▶

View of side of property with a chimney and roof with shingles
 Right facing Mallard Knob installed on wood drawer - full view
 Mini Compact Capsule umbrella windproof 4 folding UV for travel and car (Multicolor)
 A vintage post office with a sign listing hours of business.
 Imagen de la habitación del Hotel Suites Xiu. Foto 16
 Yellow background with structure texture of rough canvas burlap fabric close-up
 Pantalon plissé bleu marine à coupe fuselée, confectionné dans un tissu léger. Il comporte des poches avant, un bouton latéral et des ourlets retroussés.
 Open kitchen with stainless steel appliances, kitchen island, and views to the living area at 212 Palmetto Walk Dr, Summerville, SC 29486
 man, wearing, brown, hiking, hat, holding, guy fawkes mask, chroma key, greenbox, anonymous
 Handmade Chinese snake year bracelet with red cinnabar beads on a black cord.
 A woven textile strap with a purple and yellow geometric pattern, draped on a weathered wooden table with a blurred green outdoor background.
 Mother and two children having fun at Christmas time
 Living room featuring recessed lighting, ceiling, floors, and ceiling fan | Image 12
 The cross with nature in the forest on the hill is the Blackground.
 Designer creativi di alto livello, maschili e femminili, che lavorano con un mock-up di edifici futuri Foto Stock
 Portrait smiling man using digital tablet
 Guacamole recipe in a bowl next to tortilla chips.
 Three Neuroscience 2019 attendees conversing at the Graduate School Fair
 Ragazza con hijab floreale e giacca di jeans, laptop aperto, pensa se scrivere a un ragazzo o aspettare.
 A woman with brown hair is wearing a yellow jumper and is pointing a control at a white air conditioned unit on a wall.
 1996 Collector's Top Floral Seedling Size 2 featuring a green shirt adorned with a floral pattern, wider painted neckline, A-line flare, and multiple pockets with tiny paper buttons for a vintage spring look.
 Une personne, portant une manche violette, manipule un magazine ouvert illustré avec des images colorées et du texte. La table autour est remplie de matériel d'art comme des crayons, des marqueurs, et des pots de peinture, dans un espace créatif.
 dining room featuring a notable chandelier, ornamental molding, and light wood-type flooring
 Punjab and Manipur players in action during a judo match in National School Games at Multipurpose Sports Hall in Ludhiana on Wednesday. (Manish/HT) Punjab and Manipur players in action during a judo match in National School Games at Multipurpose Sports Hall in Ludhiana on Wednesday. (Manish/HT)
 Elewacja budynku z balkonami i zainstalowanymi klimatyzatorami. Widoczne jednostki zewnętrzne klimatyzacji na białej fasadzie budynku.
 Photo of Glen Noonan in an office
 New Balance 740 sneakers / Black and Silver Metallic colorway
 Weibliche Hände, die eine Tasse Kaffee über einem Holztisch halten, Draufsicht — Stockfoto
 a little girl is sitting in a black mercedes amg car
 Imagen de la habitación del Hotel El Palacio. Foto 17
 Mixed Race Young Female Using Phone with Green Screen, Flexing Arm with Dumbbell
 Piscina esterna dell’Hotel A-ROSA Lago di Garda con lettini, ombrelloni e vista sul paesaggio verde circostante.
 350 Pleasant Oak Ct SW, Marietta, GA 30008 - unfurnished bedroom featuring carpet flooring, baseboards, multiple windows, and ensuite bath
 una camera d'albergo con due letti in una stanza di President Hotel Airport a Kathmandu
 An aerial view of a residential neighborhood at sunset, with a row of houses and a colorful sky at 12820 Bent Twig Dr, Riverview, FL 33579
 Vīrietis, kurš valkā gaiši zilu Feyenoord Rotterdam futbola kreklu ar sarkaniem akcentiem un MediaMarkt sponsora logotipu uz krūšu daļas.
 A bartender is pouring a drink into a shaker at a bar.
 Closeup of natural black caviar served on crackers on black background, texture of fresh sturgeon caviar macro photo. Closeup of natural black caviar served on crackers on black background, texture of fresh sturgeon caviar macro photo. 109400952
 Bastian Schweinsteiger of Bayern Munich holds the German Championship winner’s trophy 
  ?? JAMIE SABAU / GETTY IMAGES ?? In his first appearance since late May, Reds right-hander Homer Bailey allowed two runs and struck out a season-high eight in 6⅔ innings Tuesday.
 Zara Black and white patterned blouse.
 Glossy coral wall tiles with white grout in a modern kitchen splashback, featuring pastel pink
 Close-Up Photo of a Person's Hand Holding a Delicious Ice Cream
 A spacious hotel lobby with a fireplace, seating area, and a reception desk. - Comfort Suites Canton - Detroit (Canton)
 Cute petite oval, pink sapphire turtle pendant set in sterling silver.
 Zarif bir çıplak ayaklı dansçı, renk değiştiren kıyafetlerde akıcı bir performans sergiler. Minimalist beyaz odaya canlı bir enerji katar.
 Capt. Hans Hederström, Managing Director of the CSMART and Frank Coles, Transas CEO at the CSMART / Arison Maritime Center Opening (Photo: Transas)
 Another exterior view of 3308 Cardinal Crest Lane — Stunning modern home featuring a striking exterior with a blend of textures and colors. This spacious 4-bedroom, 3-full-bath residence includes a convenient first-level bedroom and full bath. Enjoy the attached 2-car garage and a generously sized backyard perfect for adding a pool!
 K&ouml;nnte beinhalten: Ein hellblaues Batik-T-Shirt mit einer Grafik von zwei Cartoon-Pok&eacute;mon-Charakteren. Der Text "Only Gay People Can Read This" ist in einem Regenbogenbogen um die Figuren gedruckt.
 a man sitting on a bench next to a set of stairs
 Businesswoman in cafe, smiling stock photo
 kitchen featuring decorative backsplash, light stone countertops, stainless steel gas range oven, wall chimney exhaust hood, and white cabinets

◀

TASK DETAILS | Please write the data above out again, exactly the same.

EXPECTED OUTPUT |
View of side of property with a chimney and roof with shingles
 Right facing Mallard Knob installed on wood drawer - full view
 Mini Compact Capsule umbrella windproof 4 folding UV for travel and car (Multicolor)
 A vintage post office with a sign listing hours of business.
 Imagen de la habitación del Hotel Suites Xiu. Foto 16
 Yellow background with structure texture of rough canvas burlap fabric close-up
 Pantalon plissé bleu marine à coupe fuselée, confectionné dans un tissu léger. Il comporte des poches avant, un bouton latéral et des ourlets retroussés.
 Open kitchen with stainless steel appliances, kitchen island, and views to the living area at 212 Palmetto Walk Dr, Summerville, SC 29486
 man, wearing, brown, hiking, hat, holding, guy fawkes mask, chroma key, greenbox, anonymous
 Handmade Chinese snake year bracelet with red cinnabar beads on a black cord.
 A woven textile strap with a purple and yellow geometric pattern, draped on a weathered wooden table with a blurred green outdoor background.
 Mother and two children having fun at Christmas time
 Living room featuring recessed lighting, ceiling, floors, and ceiling fan | Image 12
 The cross with nature in the forest on the hill is the Blackground.
 Designer creativi di alto livello, maschili e femminili, che lavorano con un mock-up di edifici futuri Foto Stock
 Portrait smiling man using digital tablet
 Guacamole recipe in a bowl next to tortilla chips.
 Three Neuroscience 2019 attendees conversing at the Graduate School Fair
 Ragazza con hijab floreale e giacca di jeans, laptop aperto, pensa se scrivere a un ragazzo o aspettare.
 A woman with brown hair is wearing a yellow jumper and is pointing a control at a white air conditioned unit on a wall.
 1996 Collector's Top Floral Seedling Size 2 featuring a green shirt adorned with a floral pattern, wider painted neckline, A-line flare, and multiple pockets with tiny paper buttons for a vintage spring look.
 Une personne, portant une manche violette, manipule un magazine ouvert illustré avec des images colorées et du texte. La table autour est remplie de matériel d'art comme des crayons, des marqueurs, et des pots de peinture, dans un espace créatif.
 dining room featuring a notable chandelier, ornamental molding, and light wood-type flooring
 Punjab and Manipur players in action during a judo match in National School Games at Multipurpose Sports Hall in Ludhiana on Wednesday. (Manish/HT) Punjab and Manipur players in action during a judo match in National School Games at Multipurpose Sports Hall in Ludhiana on Wednesday. (Manish/HT)
 Elewacja budynku z balkonami i zainstalowanymi klimatyzatorami. Widoczne jednostki zewnętrzne klimatyzacji na białej fasadzie budynku.
 Photo of Glen Noonan in an office
 New Balance 740 sneakers / Black and Silver Metallic colorway
 Weibliche Hände, die eine Tasse Kaffee über einem Holztisch halten, Draufsicht — Stockfoto
 a little girl is sitting in a black mercedes amg car
 Imagen de la habitación del Hotel El Palacio. Foto 17
 Mixed Race Young Female Using Phone with Green Screen, Flexing Arm with Dumbbell
 Piscina esterna dell’Hotel A-ROSA Lago di Garda con lettini, ombrelloni e vista sul paesaggio verde circostante.
 350 Pleasant Oak Ct SW, Marietta, GA 30008 - unfurnished bedroom featuring carpet flooring, baseboards, multiple windows, and ensuite bath
 una camera d'albergo con due letti in una stanza di President Hotel Airport a Kathmandu
 An aerial view of a residential neighborhood at sunset, with a row of houses and a colorful sky at 12820 Bent Twig Dr, Riverview, FL 33579
 Vīrietis, kurš valkā gaiši zilu Feyenoord Rotterdam futbola kreklu ar sarkaniem akcentiem un MediaMarkt sponsora logotipu uz krūšu daļas.
 A bartender is pouring a drink into a shaker at a bar.
 Closeup of natural black caviar served on crackers on black background, texture of fresh sturgeon caviar macro photo. Closeup of natural black caviar served on crackers on black background, texture of fresh sturgeon caviar macro photo. 109400952
 Bastian Schweinsteiger of Bayern Munich holds the German Championship winner’s trophy 
  ?? JAMIE SABAU / GETTY IMAGES ?? In his first appearance since late May, Reds right-hander Homer Bailey allowed two runs and struck out a season-high eight in 6⅔ innings Tuesday.
 Zara Black and white patterned blouse.
 Glossy coral wall tiles with white grout in a modern kitchen splashback, featuring pastel pink
 Close-Up Photo of a Person's Hand Holding a Delicious Ice Cream
 A spacious hotel lobby with a fireplace, seating area, and a reception desk. - Comfort Suites Canton - Detroit (Canton)
 Cute petite oval, pink sapphire turtle pendant set in sterling silver.
 Zarif bir çıplak ayaklı dansçı, renk değiştiren kıyafetlerde akıcı bir performans sergiler. Minimalist beyaz odaya canlı bir enerji katar.
 Capt. Hans Hederström, Managing Director of the CSMART and Frank Coles, Transas CEO at the CSMART / Arison Maritime Center Opening (Photo: Transas)
 Another exterior view of 3308 Cardinal Crest Lane — Stunning modern home featuring a striking exterior with a blend of textures and colors. This spacious 4-bedroom, 3-full-bath residence includes a convenient first-level bedroom and full bath. Enjoy the attached 2-car garage and a generously sized backyard perfect for adding a pool!
 K&ouml;nnte beinhalten: Ein hellblaues Batik-T-Shirt mit einer Grafik von zwei Cartoon-Pok&eacute;mon-Charakteren. Der Text "Only Gay People Can Read This" ist in einem Regenbogenbogen um die Figuren gedruckt.
 a man sitting on a bench next to a set of stairs
 Businesswoman in cafe, smiling stock photo
 kitchen featuring decorative backsplash, light stone countertops, stainless steel gas range oven, wall chimney exhaust hood, and white cabinets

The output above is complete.